By David L. Chandler

Published 22 October 2014

The boom in oil and gas produced through hydraulic fracturing, or fracking, is seen as a boon for meeting U.S. energy needs. But one byproduct of the process is millions of gallons of water that’s much saltier than seawater, after leaching salts from rocks deep below the surface. Study shows electrodialysis can provide cost-effective treatment of salty water from fracked wells.

The boom in oil and gas produced through hydraulic fracturing, or fracking, is seen as a boon for meeting U.S. energy needs. But one byproduct of the process is millions of gallons of water that’s much saltier than seawater, after leaching salts from rocks deep below the surface.

Now researchers at MIT and in Saudi Arabia say they have found an economical solution for removing the salt from this water. The new analysis appears in the journal Applied Energy, in a paper co-authored by MIT professor John Lienhard, postdoc Ronan McGovern, and four others.

The method they propose for treating the “produced water” that flows from oil and gas wells throughout their operation is one that has been known for decades, but had not been considered a viable candidate for extremely high-salinity water, such as that produced from oil and gas wells.

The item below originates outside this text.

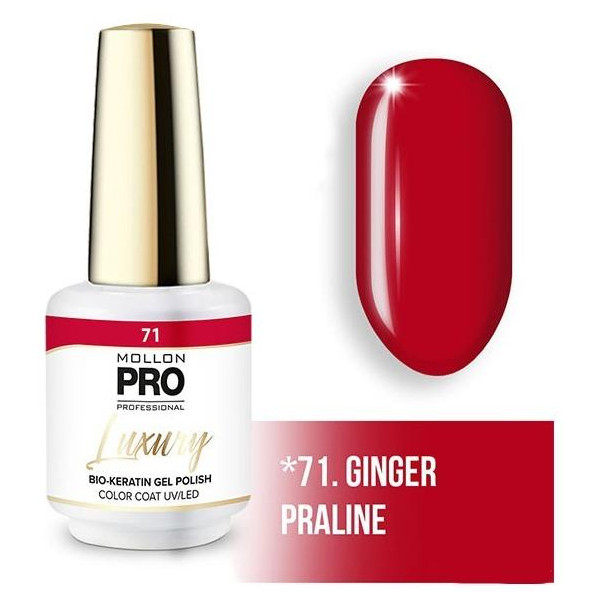 Semipermanenter Lack LUXUS N ° 71 Ingwerpraline Mollon Pro - 8ML Semipermanenter Lack LUXUS N ° 71 Ingwerpraline Mollon Pro - 8ML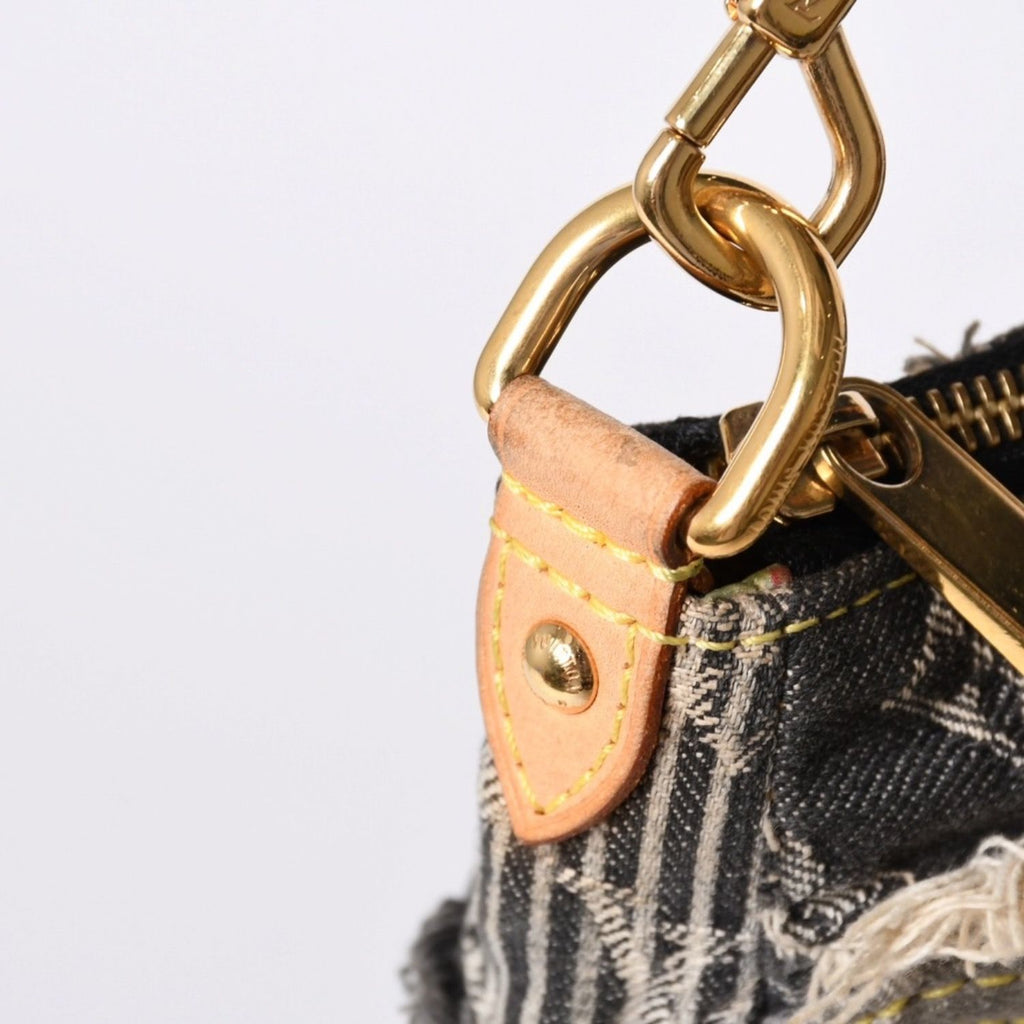 Louis Vuitton Monogram Denim Pouch Black — view 4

The technology, electrodialysis, “has been around for at least 50 years,” says Lienhard, the Abdul Latif Jameel Professor of Water and Food as well as director of the Center for Clean Water and Clean Energy at MIT and King Fahd University of Petroleum and Minerals (KFUPM).

The research team also included graduate student Adam Weiner, graduate student Lige Sun, and undergraduate Chester Chambers at MIT, and Professor Syed Zubair at KFUPM.

“Electrodialysis is generally thought of as being advantageous for relatively low-salinity water,” Lienhard says — such as the brackish, shallow groundwater found in many locations, generally with salinity around one-tenth that of seawater. But electrodialysis also turns out to be economically viable at the other end of the salinity spectrum, the new analysis shows.

Extra salty
Produced water from fossil-fuel wells can have salinity three to six times greater than that of seawater; the new research indicates that this salt can be effectively removed through a succession of stages of electrodialysis.

The idea would not be to purify the water sufficiently to make it potable, the researchers say. Rather, it could be cleaned up enough to enable its reuse as part of the hydraulic fracturing fluid injected in subsequent wells, significantly reducing the water needed from other sources.

Lienhard explains that if you’re trying to make pure water, electrodialysis becomes less and less efficient as the water gets less saline, because it requires that electric current flow through the water itself: Salty water conducts electricity well, but pure water does not.